The fairy cried: "Each word you drop,
A toad from out your mouth shall hop!"
(I think that nothing incommodes
One's speech like uninvited toads!)

And so it was, the cheerful blonde
Lived on in joy and bliss,
And grew pecunious, beyond
The dreams of avarice
And to a nice young man was wed,
And I have often heard it said
No other man who ever walked
Most loved his wife when most she talked!
(I think this very fact, forsooth,
Goes far to prove I tell the truth!)

The cross brunette the fairy's joke
By hook or crook survived,
Put still at every word she spoke
An ugly toad arrived,
Until at last she had to come
To feigning she was wholly dumb,
Whereat the suitors swarmed around,
And soon a wealthy mate she found.
(I think nobody ever knew
The happier husband of the two!)

The Moral of the tale is: Bah!
Nous avons change tout cela.
No clear idea I hope to strike
Of what our nicest girl is like,
But she whose best young man I am
Is not an oyster, nor a clam!

from Grimm Tales Made Gay (1902) by Guy Wetmore Carryl

Monday, March 7, 2011

Mother Holly by John Warren Stewig and illustrated by Johanna Westerman


Mother Holly

Mother Holly by John Warren Stewig and illustrated by Johanna Westerman is today's picture book. Mother Holly (Frau Holle, Mother Holle, etc.) is a Grimms' tale that isn't as well known to casual fairy tale readers these days. When they read it, many consider it a Cinderella tale, which it is very similar to, but it is actually of the Diamonds and Toads family, ATU 480. There will be a Diamonds and Toads collection published from SurLaLune later this year, by the way, and I wrote an article on the tale for Faerie Magazine last year which appeared in Issue 20.

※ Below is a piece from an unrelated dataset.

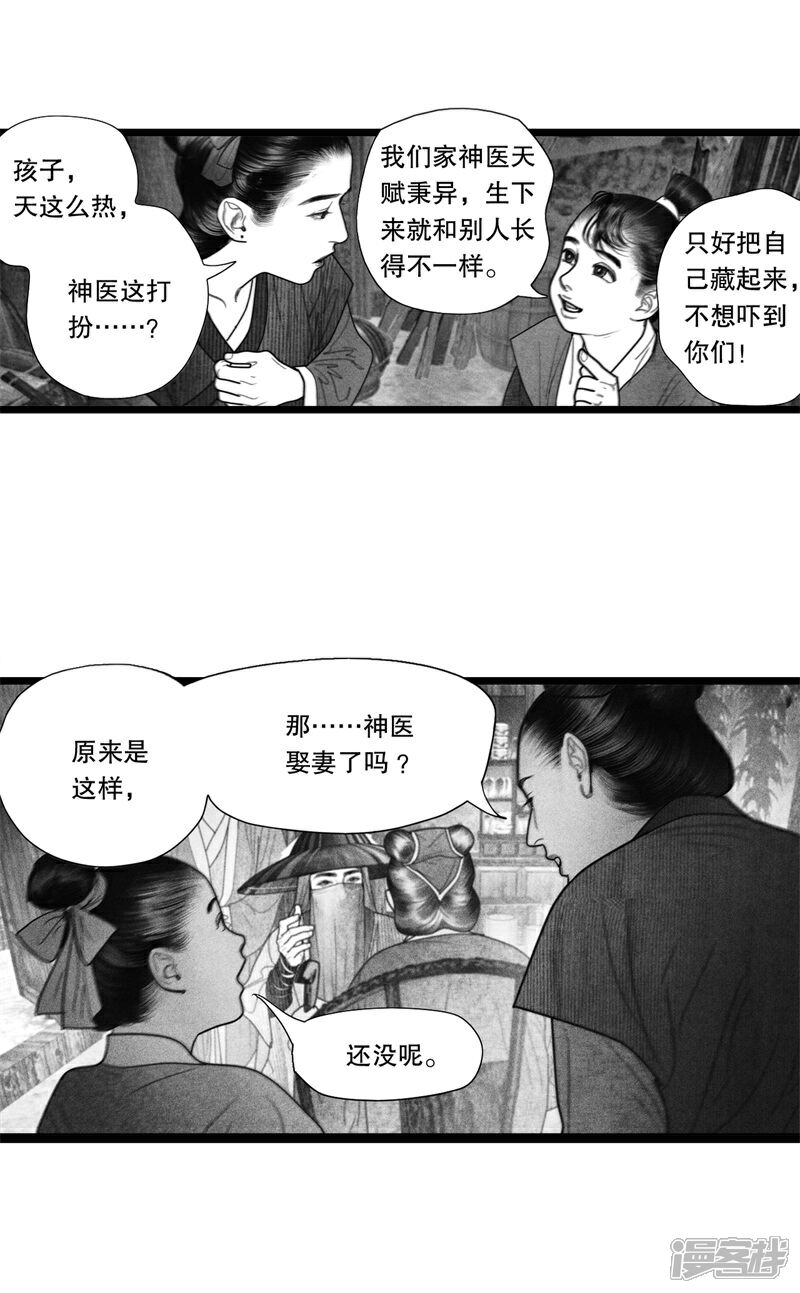 【隐山梦谈】漫画-（番外）章节漫画下拉式图片-12.jpg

But back to Mother Holly. I am sentimentally attached to this picture book--and it is out of print like so many but easy to find used, just follow my links--because it is how I introduced my eldest niece, Leighton, to the tale years ago. She wasn't even quite at the age where sitting for the longish text was quite conceivable, but she sat through it and begged to hear it again and again. So I became quite familiar with this retelling by Stewig along with Westerman's illustrations. There aren't many picture book versions of this tale for English readers, and this is the most readily available one, so this certainly has a treasured spot on my shelves.

Book description from the publisher:

Two sisters--kind, industrious Rose and vain, lazy Blanche--experience two very different adventures when each tumbles down a well and into the magical world of Mother Holly. Rose's journey begins accidentally, but because of her generosity to all she meets along the way, and her hard work for ugly but kind Mother Holly, she returns home in a shimmering gown covered in gold. Envious of Rose's good fortune, Blanche decides to visit Mother Holly herself, but her pride, laziness, and foul temper earn her an apt and well-deserved punishment. John Warren Stewig's retelling of this little-known tale by the Brothers Grimm offers children a satisfying new ending that demonstrates how with help, redemption is possible. And Johanna Westerman's lovely, intricately detailed illustrations, as spellbinding as Mother Holly's magic door, are pure enchantment.